Google Glass is poised to go enter the high-end mainstream market. The internet titan has teamed up with Luxottica, manufacturers of the Oakley and Ray-Ban eyewear brands, to design and produce an exclusive line of eyewear frames that would integrate the long-awaited and promising Google technology. The initial market will focus on the two brands and will initially be available in the USA.

The logistics have been worked out, with the design being a collaboration, while production and distribution solely by Luxottica. Their press release promises to “combine high-end technology with avant-garde design offering the best in style, quality and performance.” The company is currently a high profile seller, with a 12.4 percent share of eyewear sales and retail stores numbering over 5,000 worldwide, which would easily bring the upcoming product to the mainstream audience. It would also be the first eyewear company to offer Glass as a specially made and designed component of their products.

No release dates have been announced yet, as Google’s blog advises that “You’re not going to see Glass on your favourite Oakleys or Ray-Bans tomorrow, but today marks the start of a new chapter in Glass’ design.” The company is taking into consideration both the function and design of the glasses to ensure their final product has all the specifications to meet customer demands.
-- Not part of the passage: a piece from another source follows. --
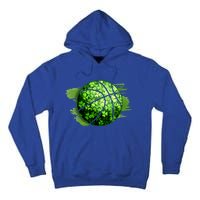 Basketball Ball Irish Shamrock Clover St Patrick's Day Cool Gift Tall Hoodie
Earlier this year, Google announced four eyewear frames that are going to be compatible with prescription lenses with Glass hardware. Made solely by the company, the series is dubbed as the “Titanium Collection” and is designed for both comfort and function. It is designed to be an accessory to the technology, and not as a new product, as Google Glass lead designer Isabelle Olsson reiterates that “this is not a new technology, this is a new accessory to the technology.” The eyewear frames, integrated with Glass, has the best interests of the wearer in mind, and is thought of as a complete unit. as Olsson clarifies that ”It needed to feel like once it’s on there, it feels like a complete product, versus something that feels hodge-podged together.”

In addition to their team up with Luxottica, Google also signed a deal with vision insurance provider VSP that further gives benefits to eyewear consumers, promising to reimburse a fraction of the frame costs and to train optometrists to fit the Glass hardware correctly.